讀來是有些生硬,訝異的是,正史裡這位東漢明帝發好幾次詔書、巡幸幾次「車駕還官」,在種種官方活動之餘,並無任何與《四十二章經》和白馬寺相關的敍述,與我原先想像應該會有的隻字片語有些出入。因此我第一次讀正史皇帝本傳是無功而返,嘆了口氣,恭恭敬敬想把這本史書還給古人。
沒料到,意外在同一本後漢書的《西域傳》中找到線索:漢明帝晚上夢見一位巨人般的金人,頭頂有明亮光環。隔天早朝,皇帝要群臣解夢,一時眾語紛紛,向來政治肅穆的朝廷有些不一樣的聲音。
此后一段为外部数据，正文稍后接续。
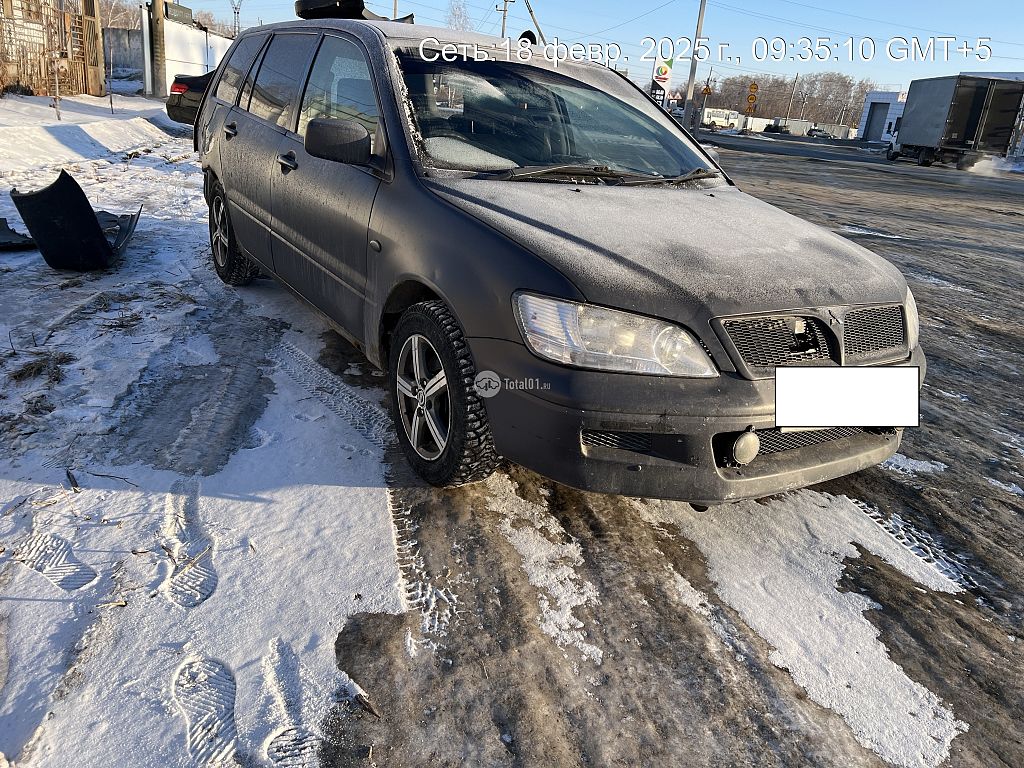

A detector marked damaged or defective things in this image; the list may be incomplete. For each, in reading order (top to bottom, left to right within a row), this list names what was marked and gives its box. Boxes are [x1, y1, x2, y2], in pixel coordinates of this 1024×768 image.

detached bumper piece [0, 218, 35, 250]
detached bumper piece [9, 170, 142, 272]
damaged front grille [724, 314, 836, 370]
damaged front grille [844, 304, 908, 362]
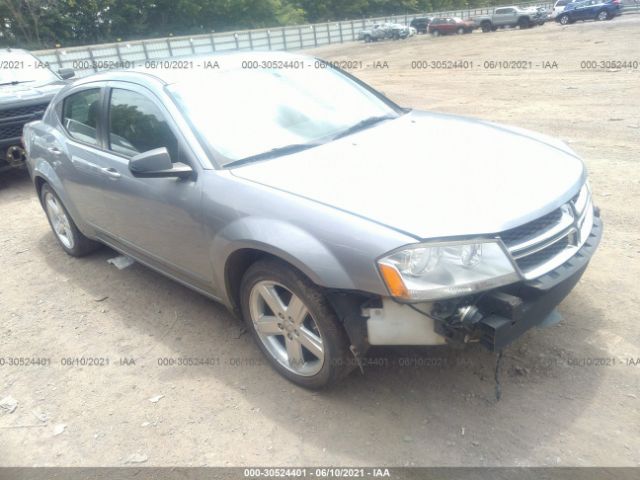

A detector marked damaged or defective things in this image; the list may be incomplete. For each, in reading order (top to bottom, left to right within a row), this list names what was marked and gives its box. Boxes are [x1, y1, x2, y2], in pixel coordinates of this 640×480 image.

damaged front bumper [332, 212, 604, 354]
detached bumper cover [472, 216, 604, 350]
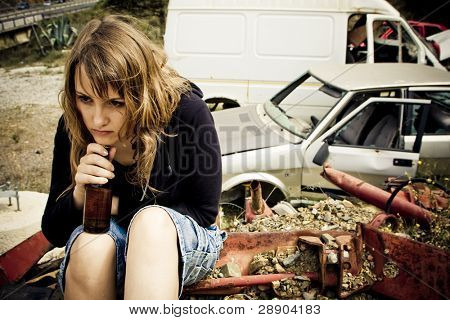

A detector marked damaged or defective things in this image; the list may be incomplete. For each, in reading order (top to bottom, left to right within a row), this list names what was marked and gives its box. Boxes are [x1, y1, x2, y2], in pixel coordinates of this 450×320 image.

broken windshield [266, 74, 342, 139]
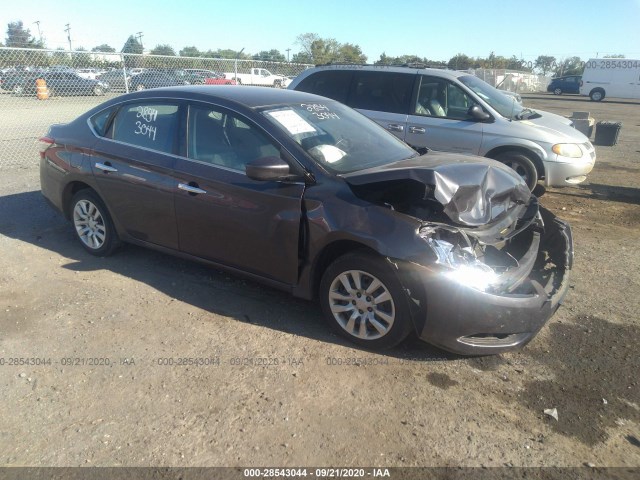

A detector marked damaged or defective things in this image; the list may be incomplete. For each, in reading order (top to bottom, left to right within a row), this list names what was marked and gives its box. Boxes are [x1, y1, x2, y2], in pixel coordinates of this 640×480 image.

cracked headlight [552, 142, 584, 158]
damaged gray sedan [37, 87, 572, 356]
bent hood [342, 154, 532, 229]
cracked headlight [420, 226, 500, 292]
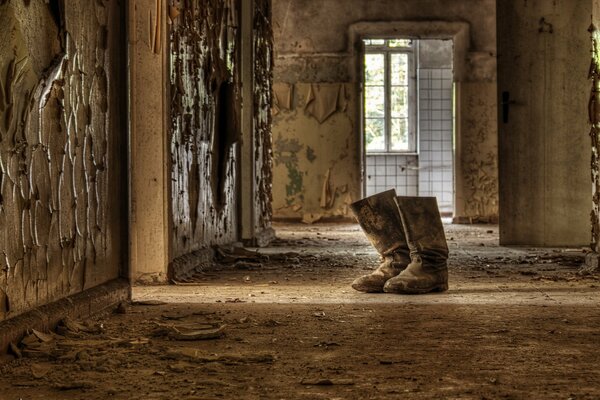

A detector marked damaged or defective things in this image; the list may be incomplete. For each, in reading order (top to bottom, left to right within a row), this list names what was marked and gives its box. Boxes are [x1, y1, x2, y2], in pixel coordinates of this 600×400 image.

broken wall plaster [0, 0, 126, 318]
中國自古有河圖洛書的遠古傳說,一位大臣見狀提出西方有神明,稱之為佛:「其形長丈六尺而黃金色」。皇帝當然喜歡這類祥瑞符應的話,便派人前往天竺(今印度)問佛道法。
《後漢書》敍述此事前冠以「世傳」,引人不禁思忖:既然與皇帝有關,為何不入本紀而入列傳?也許可解釋是當時此事重要性不足。但既然已入列傳,因何以「世傳」兩個字特意減輕其歷史重量?思索之後綜合而論,這件事到了南北朝無從考證,而隨著佛教弘法已廣為流傳,略過不表未免有失史官之職,所以姑且簡單記入一筆。
真正原因無從知曉,不追也罷,既然正統史書寥寥數語,所留下空間可由民間傳說補齊。也許,將目光移到專門記敍佛典的正統史籍。
佛教史書:僧祐《出三藏記集》所收錄的《四十二章經》序
歷史有一種叫人訝異的巧合。《後漢書》作者范曄於西元445年去世,《出三藏記集》的作者僧祐於當年西元445年出生。兩位在歷史學術界都是響噹噹的人物,而史學家范曄涉入政治太深、最終被滿門抄斬,宗教家僧祐自幼禮佛、到了74歲才功德圓滿離世。范曄死後,歷史版圖中留下一個文化缺口,正好由緊接著出生的僧祐填補。
僧祐是南北朝時期南梁的佛教高僧,受到朝廷梁武帝器重。他廣納資源,當時民間流傳過的佛教經典,一本一本追、一本一本收,最後編纂成《出三藏記集》。它是現存最早、專門整理佛經目錄的著作,卷帙浩繁地記載了兩千多部佛典,其中較重要的會加上前序後記,同一經文有不同版本也會並陳敍明。文章開始提到《四十二章經》是漢傳佛教第一本經典,理所當然它在《出三藏記集》裡排在第一順位。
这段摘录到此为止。